Como a Folha revelou, os CACs têm aproveitado os decretos armamentistas para andarem armados mesmo quando não estão a caminho dos locais de prática de tiro ou caça. Há casos de pessoas flagradas com a arma trabalhando em outro estado, após uso de bebida alcoólica ou com drogas.
Carvalho disse que também há sugestão para que as armas sejam de uso permitido, restrito e proibido. Os fuzis entrariam como sendo de uso proibido até mesmo para os CACs –inclusive em competições esportivas.
“Eu não acho razoável que ele seja utilizado [fuzil] nem sequer em competição esportiva. Não vejo justificativa para isso”, avaliou Carvalho.
Carvalho sugeriu que os decretos que deram acesso às armas de grosso calibre sejam questionados junto ao STF (Supremo Tribunal Federal). Dessa forma, explica, o governo conseguirá fazer a apreensão do material bélico caso a pessoa não entregue a arma voluntariamente.

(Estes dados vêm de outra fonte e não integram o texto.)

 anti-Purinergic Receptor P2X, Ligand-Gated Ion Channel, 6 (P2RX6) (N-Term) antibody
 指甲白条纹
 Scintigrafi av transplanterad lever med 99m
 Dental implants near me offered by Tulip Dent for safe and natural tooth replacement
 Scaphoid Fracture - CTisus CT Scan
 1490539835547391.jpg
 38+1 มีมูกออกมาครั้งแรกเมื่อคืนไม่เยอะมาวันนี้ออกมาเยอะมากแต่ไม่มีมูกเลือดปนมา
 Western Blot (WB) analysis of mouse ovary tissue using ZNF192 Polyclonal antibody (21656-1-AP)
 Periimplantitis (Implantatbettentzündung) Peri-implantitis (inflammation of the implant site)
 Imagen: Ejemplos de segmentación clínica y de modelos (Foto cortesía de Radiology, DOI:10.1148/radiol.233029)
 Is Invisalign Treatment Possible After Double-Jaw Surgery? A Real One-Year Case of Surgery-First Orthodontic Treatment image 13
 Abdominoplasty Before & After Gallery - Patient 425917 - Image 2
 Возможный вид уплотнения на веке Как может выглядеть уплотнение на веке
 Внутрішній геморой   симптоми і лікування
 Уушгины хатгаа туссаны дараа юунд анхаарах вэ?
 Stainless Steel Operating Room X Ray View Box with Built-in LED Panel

“A partir do momento que o Supremo definir o que é ilegal, poderemos estabelecer políticas de recompra ou de indenização para recolher as armas. Se o sujeito não entregar, com a ordem judicial você pode apreender”, disse.
Na visão de Carvalho, as mudanças sugeridas devem ser realizadas gradualmente e o governo deve estar preparado para lidar com possíveis tensões que possam surgir com o setor bélico e grupos armamentistas.
“Não podemos deixar de tomar as providências com medo de desagradar a determinados setores, sobretudo com os setores que são objetos dessa política”, declarou.